# Problem to solve:
Below are some records. Reproduce them exactly from their first line through the line with "Pastilles 6mm Opaque White x50", inclusive.

--------------------

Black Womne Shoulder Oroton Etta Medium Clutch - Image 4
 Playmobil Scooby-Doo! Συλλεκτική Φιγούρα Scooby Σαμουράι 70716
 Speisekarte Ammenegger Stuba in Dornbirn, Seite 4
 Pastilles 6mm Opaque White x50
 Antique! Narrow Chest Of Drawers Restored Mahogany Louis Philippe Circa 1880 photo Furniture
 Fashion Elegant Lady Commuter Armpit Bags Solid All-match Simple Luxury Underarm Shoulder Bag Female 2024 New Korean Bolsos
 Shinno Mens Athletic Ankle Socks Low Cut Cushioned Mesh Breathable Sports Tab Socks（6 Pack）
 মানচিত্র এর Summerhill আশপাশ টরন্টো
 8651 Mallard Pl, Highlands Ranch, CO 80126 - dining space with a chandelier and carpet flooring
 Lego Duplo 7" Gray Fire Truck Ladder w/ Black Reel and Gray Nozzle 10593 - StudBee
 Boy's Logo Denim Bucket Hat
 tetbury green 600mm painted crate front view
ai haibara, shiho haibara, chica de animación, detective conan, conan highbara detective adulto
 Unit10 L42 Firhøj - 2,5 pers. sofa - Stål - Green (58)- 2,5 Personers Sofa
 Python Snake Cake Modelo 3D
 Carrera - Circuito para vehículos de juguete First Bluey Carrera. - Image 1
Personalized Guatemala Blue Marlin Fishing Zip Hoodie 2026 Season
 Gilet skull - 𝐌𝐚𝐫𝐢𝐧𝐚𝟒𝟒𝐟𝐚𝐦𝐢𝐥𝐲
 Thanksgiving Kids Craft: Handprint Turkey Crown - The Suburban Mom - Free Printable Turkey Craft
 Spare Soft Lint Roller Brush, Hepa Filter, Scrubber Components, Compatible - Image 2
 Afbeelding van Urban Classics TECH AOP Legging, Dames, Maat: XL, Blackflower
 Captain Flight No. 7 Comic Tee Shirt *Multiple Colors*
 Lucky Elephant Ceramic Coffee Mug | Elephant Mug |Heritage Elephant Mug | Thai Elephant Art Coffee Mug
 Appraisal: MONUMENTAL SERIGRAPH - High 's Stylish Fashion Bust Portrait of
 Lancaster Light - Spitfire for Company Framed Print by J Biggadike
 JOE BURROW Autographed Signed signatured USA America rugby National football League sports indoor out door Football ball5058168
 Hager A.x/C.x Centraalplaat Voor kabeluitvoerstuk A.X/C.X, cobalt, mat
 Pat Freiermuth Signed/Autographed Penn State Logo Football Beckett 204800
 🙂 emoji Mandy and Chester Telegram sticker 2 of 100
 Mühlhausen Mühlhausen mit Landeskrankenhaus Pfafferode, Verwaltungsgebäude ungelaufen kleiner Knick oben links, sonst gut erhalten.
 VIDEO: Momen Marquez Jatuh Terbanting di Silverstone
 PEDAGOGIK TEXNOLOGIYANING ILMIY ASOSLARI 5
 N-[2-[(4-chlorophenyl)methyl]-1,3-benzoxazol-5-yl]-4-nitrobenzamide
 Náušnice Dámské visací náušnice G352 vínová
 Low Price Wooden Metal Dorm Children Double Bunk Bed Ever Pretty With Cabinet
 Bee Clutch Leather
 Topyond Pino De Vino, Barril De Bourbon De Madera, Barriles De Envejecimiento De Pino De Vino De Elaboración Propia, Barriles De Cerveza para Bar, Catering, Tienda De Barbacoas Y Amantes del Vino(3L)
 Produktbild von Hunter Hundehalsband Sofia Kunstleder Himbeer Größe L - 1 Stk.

--------------------

# Result for this exercise:
Black Womne Shoulder Oroton Etta Medium Clutch - Image 4
 Playmobil Scooby-Doo! Συλλεκτική Φιγούρα Scooby Σαμουράι 70716
 Speisekarte Ammenegger Stuba in Dornbirn, Seite 4
 Pastilles 6mm Opaque White x50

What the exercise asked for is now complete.